R. P. O., Railway Post Office postmarks were applied by postal officers stationed on trains or even streetcars. Passengers would hand their mail directly to agents, or to special mailboxes at stations for cancellation and posting. Often these postmarks were a bit smudged from hand cancels applied on unstable rail cars [Philatelists have specialized societies catering to collectors of these postmarks: see The R. P. O. Postmark Page.]

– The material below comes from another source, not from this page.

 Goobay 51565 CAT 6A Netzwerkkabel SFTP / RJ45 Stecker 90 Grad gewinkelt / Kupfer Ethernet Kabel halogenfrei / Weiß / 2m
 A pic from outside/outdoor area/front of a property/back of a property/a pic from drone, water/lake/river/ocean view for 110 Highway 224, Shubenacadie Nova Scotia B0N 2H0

2015: Gone entirely are the middle-class homes that once lined Main Street here, although mid rise and high rise condos and apartments are beginning to bring an urban life to the area in recent years. The Carter Building remains, renovated as the J. W. Marriott Houston Downtown now dwarfed by much larger buildings on all sides, and no longer discernible amid the more recent high rise office buildings.
To: Mrs. N. Everline
Postmarked: 8 November 1914; Houston, Tex. R. P. O.

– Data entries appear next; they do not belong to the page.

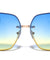 Rimless Flat Square Butterfly Wholesale Sunglasses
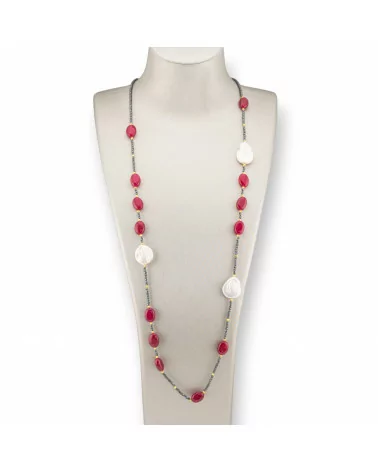 Collana Bijoux Charlestone Di Ematite Con Perle Di Fiume Barocche Piatte E Pietre Dure 90cm Giada Rosso-DESIGN ITALY | Worldofjewel.com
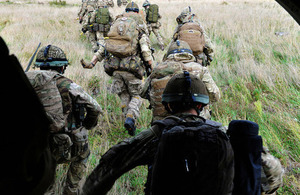 Paratroopers dismount from a Chinook helicopter [Picture: Corporal Obi Igbo, Crown copyright]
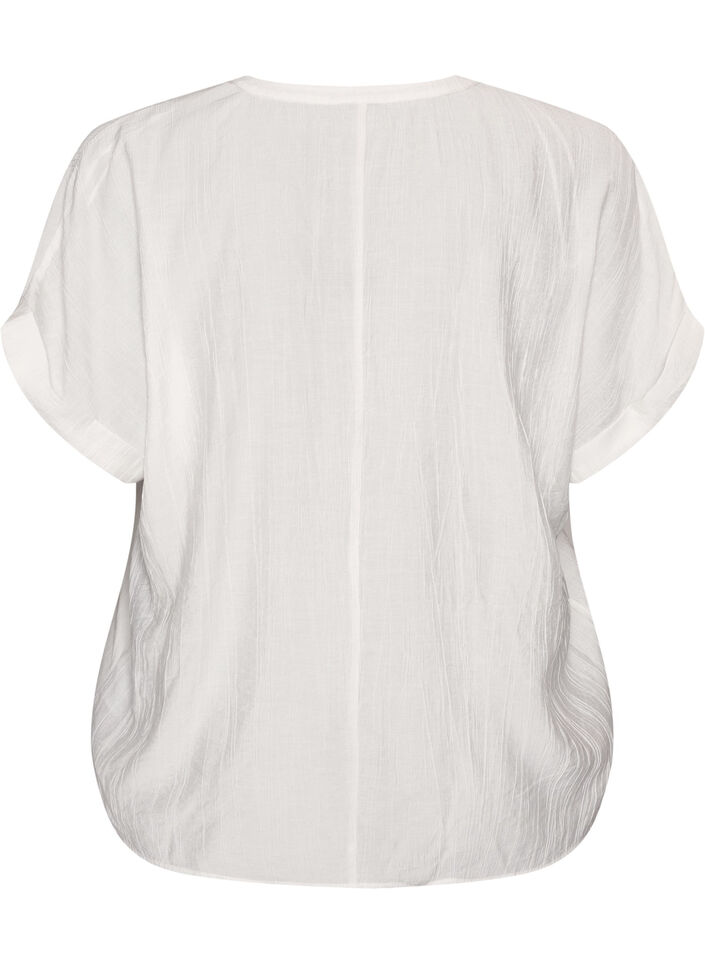 Viskosebluse med knapper og tekstur, Vanilje, Packshot image number 1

Stamp: 1c Green George Washington #405
Message: Houston, Tex.
We arrived here this am from Galveston - Leave at noon for San Antonio - Have sure had a week of pleasure but am getting tired of loafing - But will soon cut it out Now, George is with us. All well - Love to all
Lafayette Perry Everline was a 45 year old rail yard manager from Canadian, a town in the northeast corner of the northeast Texas panhandle, writing his mother back in Kansas, Nancy Ricketts Everline. She was the widow of George M. Everline, former County Clerk, Probate Judge, Major and Justice of the Peace in Anderson County, KS, who had committed suicide ten years earlier over his overwhelming health concerns. Nancy’s father had brought the family to Kansas during the Civil War after General Jackson commandeered his farm and drove him from the property. The Everline and Ricketts families were close, and Nancy’s father, had been living with her when he died. He is buried in Garnett Cemetery, John Ricketts (1807-1888).
Perry was apparently on a leisure trip with his family traveling through Texas, including Houston, Galveston, and San Antonio. His wife, Estella Mae Marshall Graves Everline, and his son, George Franklin Everline, about to turn 22, were along, but his postcard does not mention his daughter Estella Mae, who would have been about 16.
The Everline family moved to Slaton near Lubbock about 1920 where Perry worked as a rail yard manager, and later to Huntington Park, Los Angeles County where Perry died in 1930 at the age of 62 and Estella in 1936 at the age of 68.